If I want a gopher client, I open up my repository client, search for ‘gopher client’, read the descriptions of what it shows up, download what looks best and start using it.
This software has come from the same place as the operating system, so I can trust that it is not malware, that the description is accurate and that it will be compatible with my system. It will also be upgraded when I update the system.
It’s easier, more secure, faster and more convenient than the Windows way of trawling the net and trying to work out on what basis to judge the trustworthiness of a particular application. Though if I’m that way inclined, the repository system doesn’t stop me doing that.
Maybe I’m just unlucky, but most times I’ve installed Windows, I’ve then spent a couple of hours visiting manufacturer’s websites trying to find drivers for my hardware so I can get anything at all working. Sometimes on a fresh install I have a working network, but generally I’ve needed to find graphics, wifi, usb, audio and various chipset drivers at the very least, quite often ethernet ones, too. It’s not helped by the fact that Windows is apparently completely unaware of what hardware’s in the box until you’ve installed the correct driver for it, which makes working out which driver you need more a game of chance than a methodical process.
Modular and integrated
The unix philosophy is for software to be small, simple and have a single well-served purpose.
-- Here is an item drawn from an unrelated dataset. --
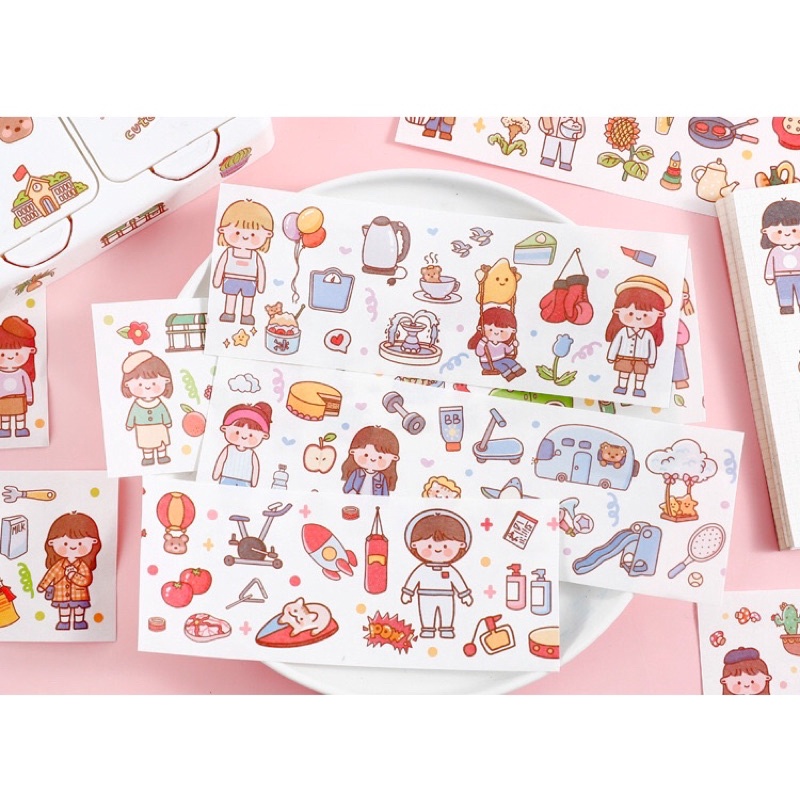 💥Zaomo Washi Miếng Dán Sticker Dài Trang Trí Hình Chữ Nhật💥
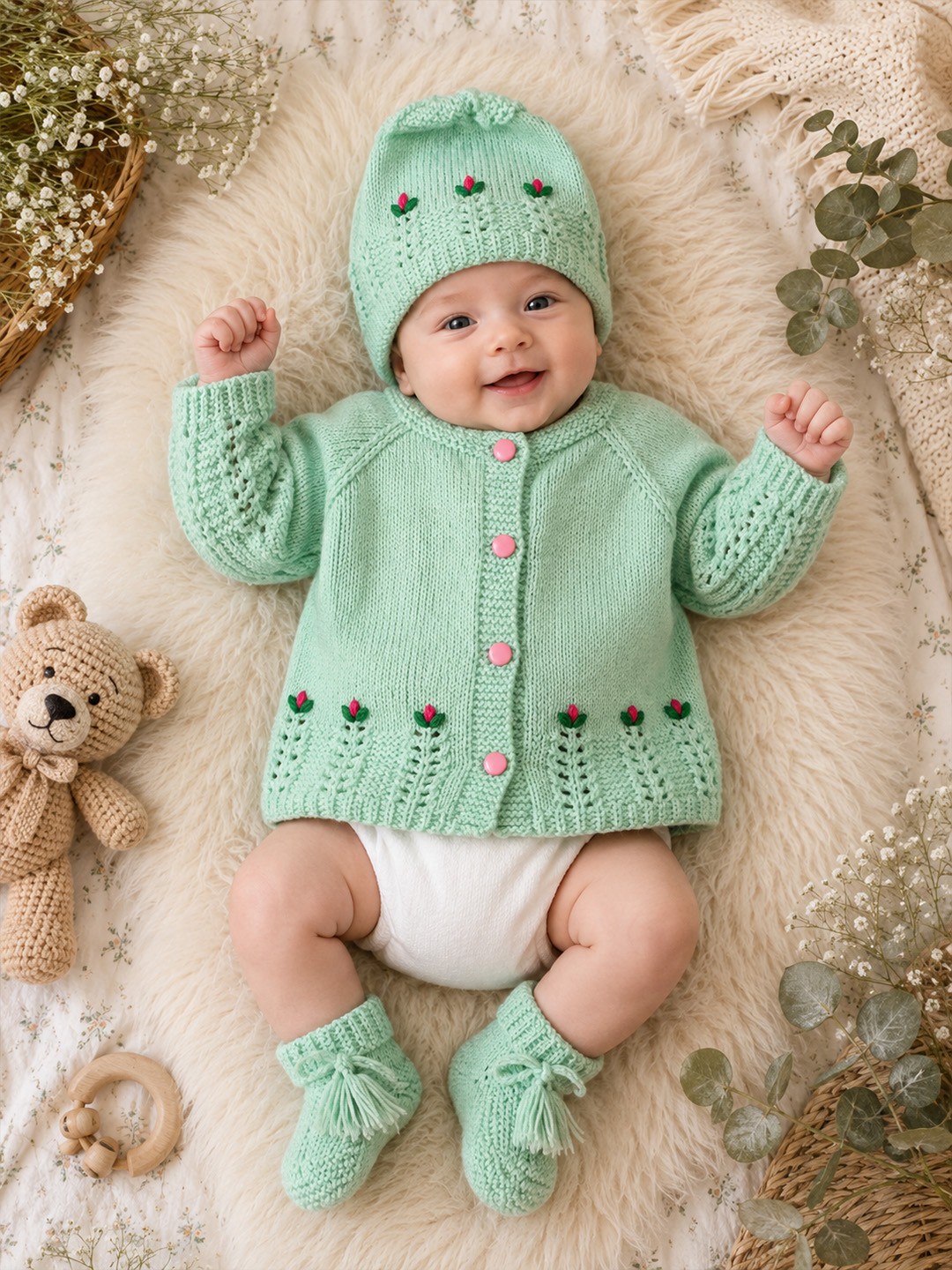 Woonie Handknitted Full Sleeves Floral Embroidered Cardigan with Cap & Socks - Green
This is generally adhered to in the free software world, mostly because it’s a pretty good approach.
For example, I have aspell installed. It’s a spellchecker and it checks spelling. It does so in my web browser, mail client, IM client and office suite. If i typed in anything else, it’d probably work there, too. This means I only ever need to add words to the dictionary once, and it’ll be considered valid everywhere. It also means that the people who develop my web browser and mail client can concentrate on developing good web browsers and mail clients, and leave the spell checking up to the people who develop spell checkers.
The Community and its support
It’s massive. Or, perhaps rather, they’re massive. And useful. I’m on a number of mailing lists and forums dedicated to sharing tips and helping people with free software. If I’m having trouble with anything Linux based, there’re three or four pools of several thousand enthusiasts who are not only likely to know or be able to find an answer, but will probably enjoy doing it. And they run across the spectra of difficulty, use cases and user stupidity.
I’ve spent a long time trying to find similar for Windows, but there appears to be a jump from free home user level support to pay-for business use support.
No Marketing Department
One fantastically huge advantage of free software is that there’s no incentive to make it popular. In contrast to commercial software where the aim to sell as many licenses as possible, the only possible aim of free software is to produce the best software possible. Any large free software project has this aim, since there is no other way to be popular.
This is brilliant, for several reasons. Firstly, the software tends to turn out pretty good. Secondly, marketing teams don’t get anywhere near it, so design and feature decisions tend to be founded in reality. There’s no 3d accelerated solitaire (to my knowledge), but there’s the above list of features. Thirdly, upgrades are non-compulsory. You’ll never have version 1.4 stop working because 1.5 is out. You might well find that security updates are no longer released and so you’re advised to upgrade, but if you *really* like 1.4 you can hire a developer to patch the security holes and develop it in the direction you want it developed.